Proof by circular reference: Write "We prove B by seeing that it follows from A, which we know to be true" in one place, and "We prove A by seeing that it follows from B, which we know to be true" somewhere else. This is especially effective when at least one of the statements is outside the main body of the text (appendix, textbox, etc.).

Proof by the proof is complicated: "To prove A, we invoke theorem X, the proof of which is beyond the scope of this discussion."

A special case of the above: proof by the proof involves calculus and is therefore omitted. This is a time-honored tactic used by many high-school physics and chemistry books.
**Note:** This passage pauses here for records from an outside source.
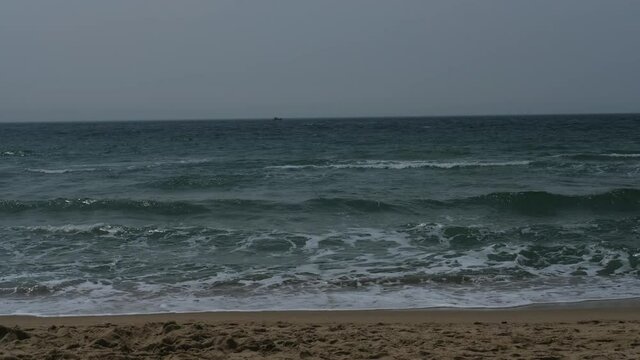 Ocean waves crashing and foaming.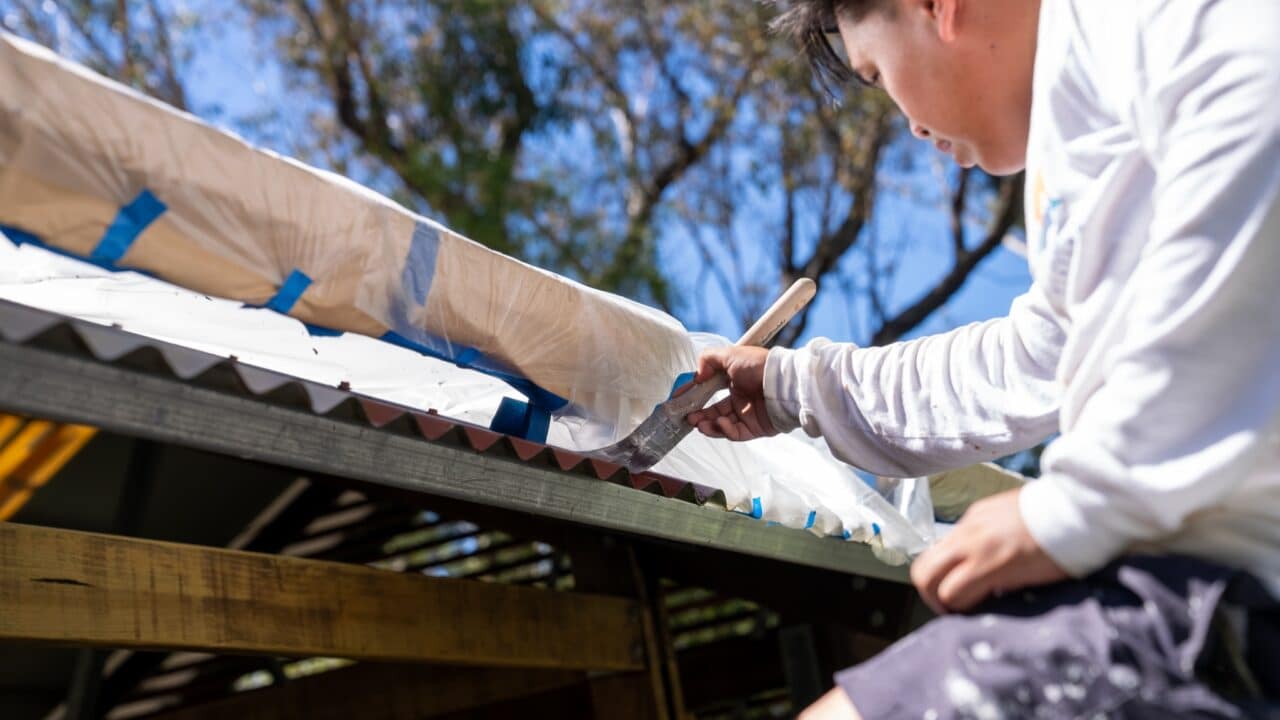 A person is painting corrugated metal roofing while perched on a ladder, working on the Toilet Block Transformation at Wentworth Falls Lookout. The roof is partially covered with protective plastic, and trees and a clear sky serve as the picturesque backdrop.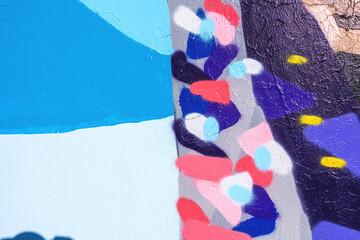 Closeup of colorful blue, pink and yellow urban wall texture. Modern pattern for wallpaper design. Creative modern urban city background for advertising mockups. Minimal geometric style, solid colors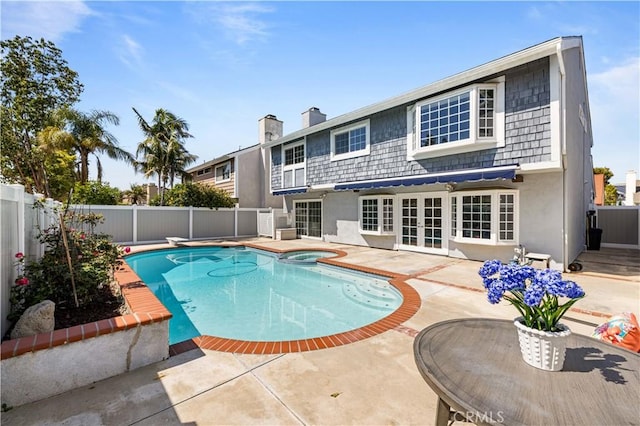20 Grant, Irvine, CA 92620 - view of swimming pool with french doors, a patio area, a fenced backyard, a pool with connected hot tub, and a diving board
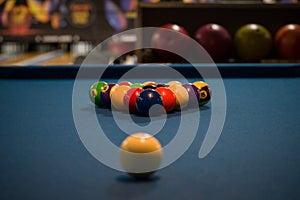 Pool table with colorful billiard balls places in a triangle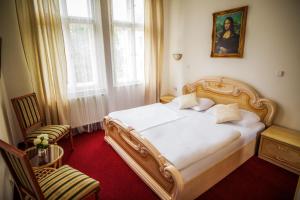 Postel nebo postele na pokoji v ubytování Hotel Dejmalik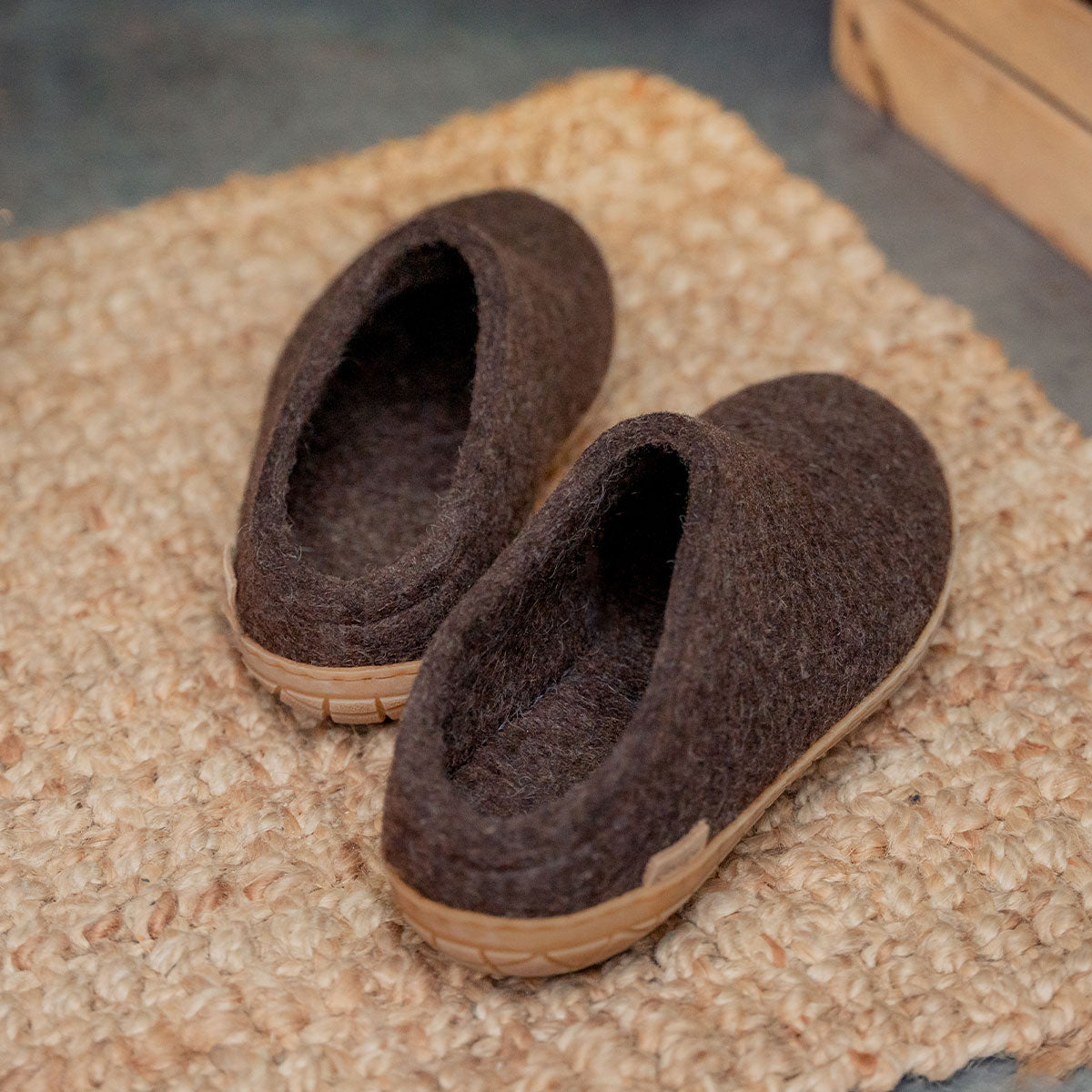Brown rubber soled Glerups mules sit on a raffia doormat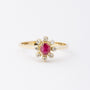 Gold entourage ring with ruby ​​and diamonds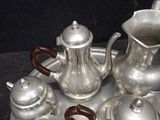 a silver tray with silver teapots and other silverware on it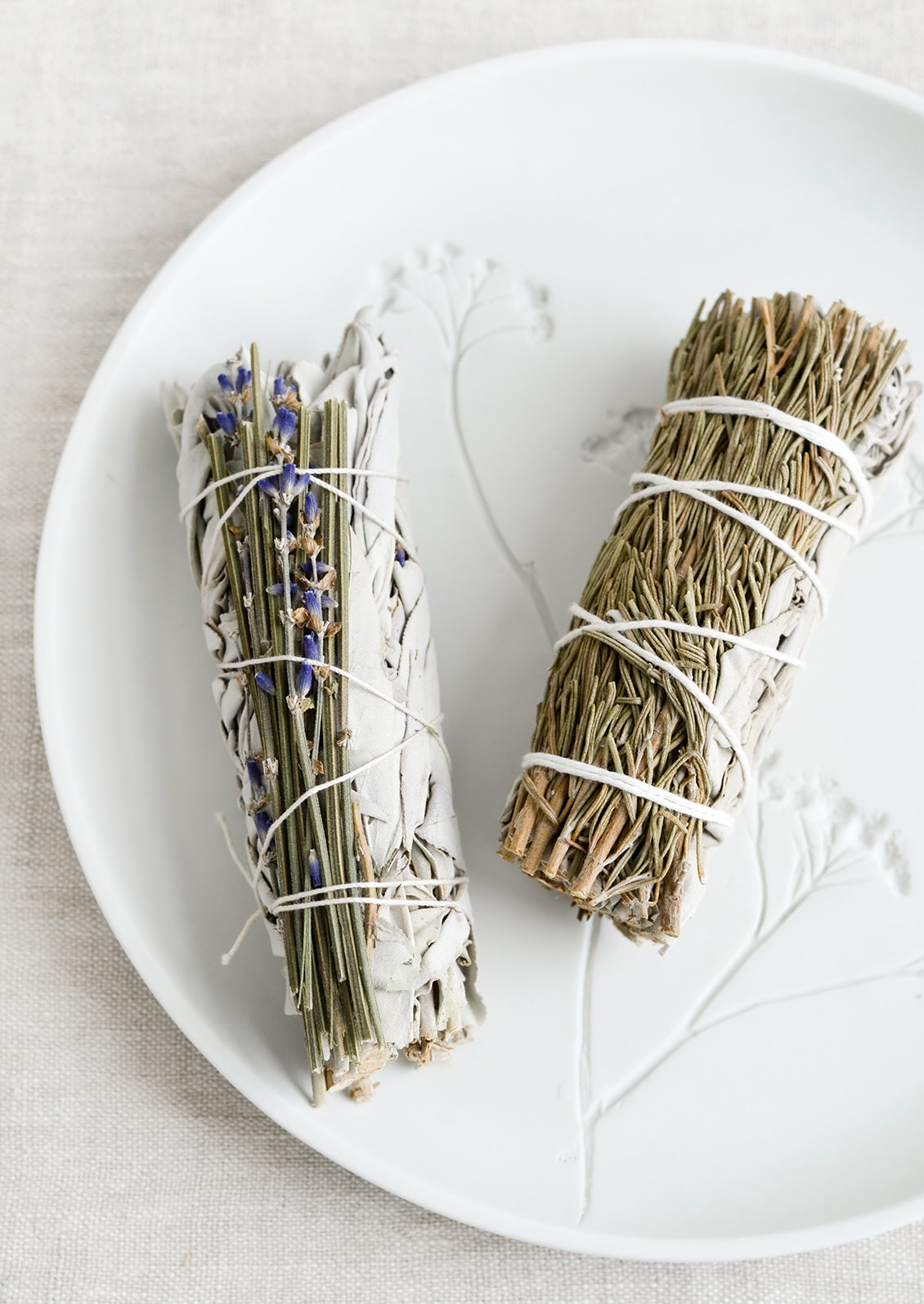 Two sage smudge sticks on a ceramic plate.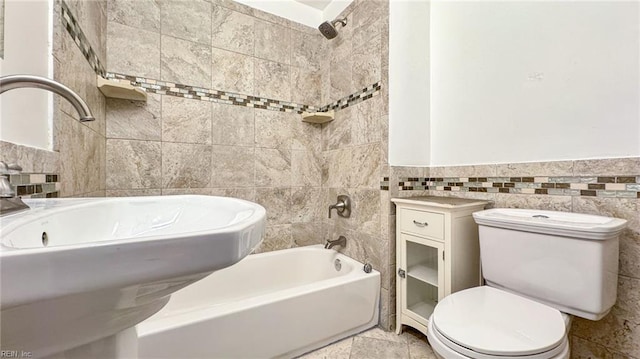 full bathroom with tile walls, sink, toilet, and shower / bath combination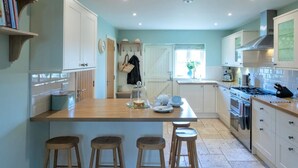 A kitchen with a central island, stools, a stove, and cabinets. - 4 Bed in Bembridge (oc-ic130) (Hillway)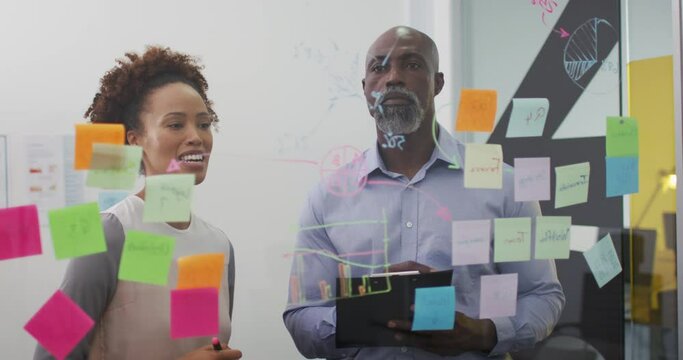 Diverse businessman and businesswoman brainstorming and smiling by transparent board with memo notes
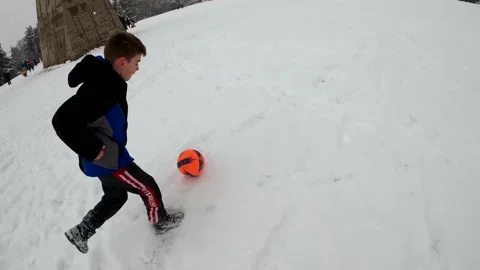 A boy is playing in the snow Stock Footage 155308871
Proof by elegance: "One possible solution to problem A is $$X$$. $$X$$ is an extremely elegant solution because [reason], and therefore is correct." A good "reason" might be that $$X$$ is the first thing you thought of. If all else fails, mumble something about "symmetry".

Proof by making a hella assumptions: "This can be shown rigorously if we first assume that $$\Delta x$$ is small, $$s^2 ≈ s$$, $$\sin (\theta) ≈ \theta ≈ 0$$, $$\alpha < \beta$$, and there is a full moon tomorrow."

Is your result shaky even after making all possible assumptions and simplifications? Simply appeal to proof by usefulness: "Though A is not proved here, assuming it allows us to solve/prove B, C, D, and E."

Proof by authority: "This result holds because [the teacher]/[the professor]/[the Mathematical Establishment]/[God]/[Richard Feynman] says so."

If proof by authority is too crass, replace it with a proof by impressive citation: "Theorem A holds (Einstein 1905b; Euclid 302 BCE; Euler 1779e; Hawking, et. al. 1997; Gödel 1931a; Turing 1953; Wiles 1993; Euler 1764g; Erdös 1964; Tao, et. al. 2005; Euler 1778$$\omega$$)".

If mathematical induction is not up to the task, why not try proof by electromagnetic induction? "This result holds. Doubters of this result will be administered electric shocks until they desist their doubting."

A more peaceful means of alternative induction is proof by cult induction: "This proof is the truth, and the whole truth. All those who want to be saved must agree, immediately transfer all their funds to [bank account details], and join us in the Kalahari Desert, where we await the alien messiah."

And, of course, the classic: proof by the proof is left as an exercise for the reader.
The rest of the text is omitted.